In my debugger I see that the instruction in question is 0x100f. The program counter is at 0xc0404568, which is, according to the disassembly below, the fence.i opcode.

c0404564:	00079463          	bnez	a5,c040456c <flush_icache_pte+0x44>
c0404568:	0000100f          	fence.i    # <-----------------------------
c040456c:	00c12403          	lw	s0,12(sp)
c0404570:	01010113          	addi	sp,sp,16
c0404574:	00008067          	ret

This is a bit surprising, as I thought emuriscv handled this opcode already.

Looking around the source I discovered a typo:

// original
INS_MATCH(MASK_FENCE_I, MASK_FENCE_I, fencei)
// corrected 
INS_MATCH(MASK_FENCE_I, MATCH_FENCE_I, fencei)

Again, due to my laziness, I skipped doing unit tests for the fence/fence.i instructions, which would have caught this bug earlier.

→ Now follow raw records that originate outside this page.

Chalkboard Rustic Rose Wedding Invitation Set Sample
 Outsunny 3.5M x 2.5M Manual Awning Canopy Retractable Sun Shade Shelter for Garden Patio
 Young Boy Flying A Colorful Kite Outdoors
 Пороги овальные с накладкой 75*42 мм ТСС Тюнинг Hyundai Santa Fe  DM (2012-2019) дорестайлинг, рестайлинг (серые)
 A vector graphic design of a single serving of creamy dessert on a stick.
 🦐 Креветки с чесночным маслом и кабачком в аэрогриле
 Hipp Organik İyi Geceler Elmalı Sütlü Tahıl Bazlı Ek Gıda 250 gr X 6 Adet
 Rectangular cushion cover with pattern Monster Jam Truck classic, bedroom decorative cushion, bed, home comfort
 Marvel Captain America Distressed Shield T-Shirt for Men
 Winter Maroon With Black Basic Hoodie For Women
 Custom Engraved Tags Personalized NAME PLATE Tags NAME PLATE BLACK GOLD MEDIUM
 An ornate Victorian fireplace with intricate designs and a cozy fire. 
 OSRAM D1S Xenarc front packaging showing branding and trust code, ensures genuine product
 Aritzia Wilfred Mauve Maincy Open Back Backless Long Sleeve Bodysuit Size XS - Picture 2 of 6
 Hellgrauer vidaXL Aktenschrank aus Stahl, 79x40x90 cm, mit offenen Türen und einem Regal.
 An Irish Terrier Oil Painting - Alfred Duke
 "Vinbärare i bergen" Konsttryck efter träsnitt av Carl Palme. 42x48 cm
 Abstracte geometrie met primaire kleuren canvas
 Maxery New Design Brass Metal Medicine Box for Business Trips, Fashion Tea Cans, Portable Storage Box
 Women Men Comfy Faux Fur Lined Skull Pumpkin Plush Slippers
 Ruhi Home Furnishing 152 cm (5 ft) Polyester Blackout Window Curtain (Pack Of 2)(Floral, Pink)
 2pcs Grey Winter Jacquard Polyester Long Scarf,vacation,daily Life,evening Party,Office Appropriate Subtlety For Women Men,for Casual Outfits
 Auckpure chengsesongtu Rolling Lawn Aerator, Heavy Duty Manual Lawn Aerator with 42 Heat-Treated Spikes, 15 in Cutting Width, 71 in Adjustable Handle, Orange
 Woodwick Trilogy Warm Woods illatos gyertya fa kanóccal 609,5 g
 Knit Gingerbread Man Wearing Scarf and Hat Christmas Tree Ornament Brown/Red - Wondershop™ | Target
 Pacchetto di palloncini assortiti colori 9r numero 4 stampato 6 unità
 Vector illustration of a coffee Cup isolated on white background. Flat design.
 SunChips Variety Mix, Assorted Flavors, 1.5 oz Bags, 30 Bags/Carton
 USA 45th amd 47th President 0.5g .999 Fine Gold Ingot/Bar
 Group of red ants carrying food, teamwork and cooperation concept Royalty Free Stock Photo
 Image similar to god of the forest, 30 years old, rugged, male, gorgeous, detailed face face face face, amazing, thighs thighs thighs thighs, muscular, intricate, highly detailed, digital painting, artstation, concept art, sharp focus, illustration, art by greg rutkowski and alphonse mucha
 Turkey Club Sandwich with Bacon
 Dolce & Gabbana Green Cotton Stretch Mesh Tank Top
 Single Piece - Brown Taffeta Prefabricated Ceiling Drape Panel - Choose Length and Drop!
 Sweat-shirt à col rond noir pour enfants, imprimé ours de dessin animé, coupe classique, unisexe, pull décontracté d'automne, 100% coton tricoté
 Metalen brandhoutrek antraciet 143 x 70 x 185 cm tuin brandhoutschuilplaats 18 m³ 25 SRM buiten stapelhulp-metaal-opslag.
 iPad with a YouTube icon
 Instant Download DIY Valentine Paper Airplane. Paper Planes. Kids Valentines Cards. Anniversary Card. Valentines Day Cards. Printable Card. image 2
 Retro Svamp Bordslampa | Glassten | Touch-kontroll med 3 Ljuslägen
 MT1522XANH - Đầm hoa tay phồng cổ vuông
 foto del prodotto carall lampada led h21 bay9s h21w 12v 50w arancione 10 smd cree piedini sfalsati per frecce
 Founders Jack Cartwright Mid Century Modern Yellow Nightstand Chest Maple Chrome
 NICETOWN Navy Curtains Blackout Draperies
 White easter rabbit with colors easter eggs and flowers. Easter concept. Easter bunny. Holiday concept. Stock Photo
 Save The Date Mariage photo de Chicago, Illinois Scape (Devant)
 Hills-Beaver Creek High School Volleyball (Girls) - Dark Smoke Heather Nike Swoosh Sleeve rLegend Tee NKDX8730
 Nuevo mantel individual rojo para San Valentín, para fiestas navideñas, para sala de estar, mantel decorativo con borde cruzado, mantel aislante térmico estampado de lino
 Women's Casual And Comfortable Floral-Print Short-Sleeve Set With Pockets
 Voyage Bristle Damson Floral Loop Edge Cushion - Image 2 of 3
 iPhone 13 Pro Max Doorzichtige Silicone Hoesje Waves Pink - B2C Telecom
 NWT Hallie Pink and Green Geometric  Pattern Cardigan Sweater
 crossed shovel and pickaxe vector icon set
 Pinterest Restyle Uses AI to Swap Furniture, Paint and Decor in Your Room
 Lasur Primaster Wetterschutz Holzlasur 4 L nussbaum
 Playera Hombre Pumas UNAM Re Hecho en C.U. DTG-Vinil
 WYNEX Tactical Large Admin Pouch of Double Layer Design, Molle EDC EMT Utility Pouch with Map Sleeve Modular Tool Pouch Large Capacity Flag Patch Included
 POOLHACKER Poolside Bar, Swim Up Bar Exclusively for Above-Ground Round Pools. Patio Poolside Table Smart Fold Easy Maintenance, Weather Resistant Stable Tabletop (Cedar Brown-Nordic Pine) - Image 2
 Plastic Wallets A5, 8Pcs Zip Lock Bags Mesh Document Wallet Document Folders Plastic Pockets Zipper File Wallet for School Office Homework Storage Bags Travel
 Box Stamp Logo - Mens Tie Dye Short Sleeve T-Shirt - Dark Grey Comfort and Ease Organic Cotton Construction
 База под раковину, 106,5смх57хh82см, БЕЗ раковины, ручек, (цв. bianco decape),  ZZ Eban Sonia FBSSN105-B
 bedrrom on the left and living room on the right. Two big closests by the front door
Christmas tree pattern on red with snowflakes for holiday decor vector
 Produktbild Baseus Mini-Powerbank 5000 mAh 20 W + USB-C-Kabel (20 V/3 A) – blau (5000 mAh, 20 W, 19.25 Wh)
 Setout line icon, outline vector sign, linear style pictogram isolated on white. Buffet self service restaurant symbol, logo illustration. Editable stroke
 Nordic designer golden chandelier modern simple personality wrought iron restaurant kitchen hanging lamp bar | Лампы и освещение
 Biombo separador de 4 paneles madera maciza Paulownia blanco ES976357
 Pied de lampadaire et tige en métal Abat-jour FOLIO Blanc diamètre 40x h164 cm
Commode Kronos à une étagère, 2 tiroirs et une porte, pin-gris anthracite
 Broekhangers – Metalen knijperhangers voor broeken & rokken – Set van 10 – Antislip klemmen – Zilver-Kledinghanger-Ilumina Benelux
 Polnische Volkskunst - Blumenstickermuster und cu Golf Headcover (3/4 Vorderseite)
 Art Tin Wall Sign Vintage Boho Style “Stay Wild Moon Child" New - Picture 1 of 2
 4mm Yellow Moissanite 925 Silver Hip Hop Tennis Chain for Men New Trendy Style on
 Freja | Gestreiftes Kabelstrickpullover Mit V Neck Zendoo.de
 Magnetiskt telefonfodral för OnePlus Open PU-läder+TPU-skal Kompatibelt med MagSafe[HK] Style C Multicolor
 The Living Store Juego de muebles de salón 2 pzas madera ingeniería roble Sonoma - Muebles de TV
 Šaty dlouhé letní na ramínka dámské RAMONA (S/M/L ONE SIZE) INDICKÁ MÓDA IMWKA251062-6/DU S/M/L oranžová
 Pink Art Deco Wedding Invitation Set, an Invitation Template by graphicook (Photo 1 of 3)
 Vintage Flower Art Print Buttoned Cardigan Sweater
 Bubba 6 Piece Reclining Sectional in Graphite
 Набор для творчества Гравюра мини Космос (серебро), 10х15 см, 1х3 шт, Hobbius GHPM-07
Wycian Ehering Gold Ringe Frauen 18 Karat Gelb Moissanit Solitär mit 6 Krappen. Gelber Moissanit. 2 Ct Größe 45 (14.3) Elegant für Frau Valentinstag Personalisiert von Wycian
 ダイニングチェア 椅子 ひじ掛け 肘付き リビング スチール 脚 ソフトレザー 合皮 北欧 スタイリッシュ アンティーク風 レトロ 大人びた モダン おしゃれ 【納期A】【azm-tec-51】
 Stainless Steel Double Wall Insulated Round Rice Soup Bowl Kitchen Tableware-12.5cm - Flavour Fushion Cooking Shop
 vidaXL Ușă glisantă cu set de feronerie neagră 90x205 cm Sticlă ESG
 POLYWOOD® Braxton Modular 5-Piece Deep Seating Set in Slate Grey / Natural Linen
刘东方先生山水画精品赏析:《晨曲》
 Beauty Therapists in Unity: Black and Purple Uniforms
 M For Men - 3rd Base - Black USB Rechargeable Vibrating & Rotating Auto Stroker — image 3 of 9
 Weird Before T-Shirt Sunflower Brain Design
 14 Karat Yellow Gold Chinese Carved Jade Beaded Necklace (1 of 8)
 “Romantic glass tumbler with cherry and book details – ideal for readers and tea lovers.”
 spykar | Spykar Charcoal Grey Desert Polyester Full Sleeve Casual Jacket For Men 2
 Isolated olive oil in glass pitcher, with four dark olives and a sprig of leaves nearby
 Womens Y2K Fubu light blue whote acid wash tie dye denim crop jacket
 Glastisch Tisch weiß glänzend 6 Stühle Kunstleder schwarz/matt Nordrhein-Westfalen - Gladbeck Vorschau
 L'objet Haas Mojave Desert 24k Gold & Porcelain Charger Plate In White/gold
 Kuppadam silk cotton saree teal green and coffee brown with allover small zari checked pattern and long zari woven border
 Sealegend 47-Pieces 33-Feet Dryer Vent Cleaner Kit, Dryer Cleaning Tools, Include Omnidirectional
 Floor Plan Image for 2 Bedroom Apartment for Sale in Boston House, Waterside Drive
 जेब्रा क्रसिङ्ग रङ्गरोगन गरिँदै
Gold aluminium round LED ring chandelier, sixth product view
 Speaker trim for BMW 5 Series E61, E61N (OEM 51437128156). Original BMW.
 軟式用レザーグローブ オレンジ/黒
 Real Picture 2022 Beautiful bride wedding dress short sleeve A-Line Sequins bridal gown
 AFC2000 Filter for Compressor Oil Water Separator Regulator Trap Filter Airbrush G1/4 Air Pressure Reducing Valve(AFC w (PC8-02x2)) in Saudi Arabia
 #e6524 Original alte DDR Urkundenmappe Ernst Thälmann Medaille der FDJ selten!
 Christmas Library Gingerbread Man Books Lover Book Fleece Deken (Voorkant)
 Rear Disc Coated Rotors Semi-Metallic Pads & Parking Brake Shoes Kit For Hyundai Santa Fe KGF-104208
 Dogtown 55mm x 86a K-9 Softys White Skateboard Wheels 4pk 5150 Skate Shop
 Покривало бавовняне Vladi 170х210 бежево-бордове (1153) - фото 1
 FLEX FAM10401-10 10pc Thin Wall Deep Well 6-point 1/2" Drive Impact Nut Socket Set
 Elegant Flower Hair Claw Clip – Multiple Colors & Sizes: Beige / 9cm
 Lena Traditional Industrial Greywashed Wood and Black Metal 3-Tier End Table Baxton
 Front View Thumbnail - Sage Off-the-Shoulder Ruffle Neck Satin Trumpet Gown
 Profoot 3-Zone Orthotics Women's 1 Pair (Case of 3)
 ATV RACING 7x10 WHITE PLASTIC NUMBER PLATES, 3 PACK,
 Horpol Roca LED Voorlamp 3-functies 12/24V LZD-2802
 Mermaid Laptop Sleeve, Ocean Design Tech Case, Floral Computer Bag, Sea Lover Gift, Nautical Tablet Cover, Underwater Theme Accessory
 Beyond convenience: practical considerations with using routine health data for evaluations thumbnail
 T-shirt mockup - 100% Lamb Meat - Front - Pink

This made the boot process advance two statements further with:

[    2.714060][    T1] Serial: 8250/16550 driver, 4 ports, IRQ sharing disabled
[    2.766974][    T1] debug_vm_pgtable: [debug_vm_pgtable         ]: Validating architecture page table helpers

That means we’re back on track with the messed up page table, where I was almost a year ago. I strongly suspect it has to do with my messy implementation of private/machine mode switching (mret/sret/uret) or nonexistent exception handling (CSR_SEPC/CSR_MEPC registers).

As usual, rereading the spec followed by implementing some unit tests should help.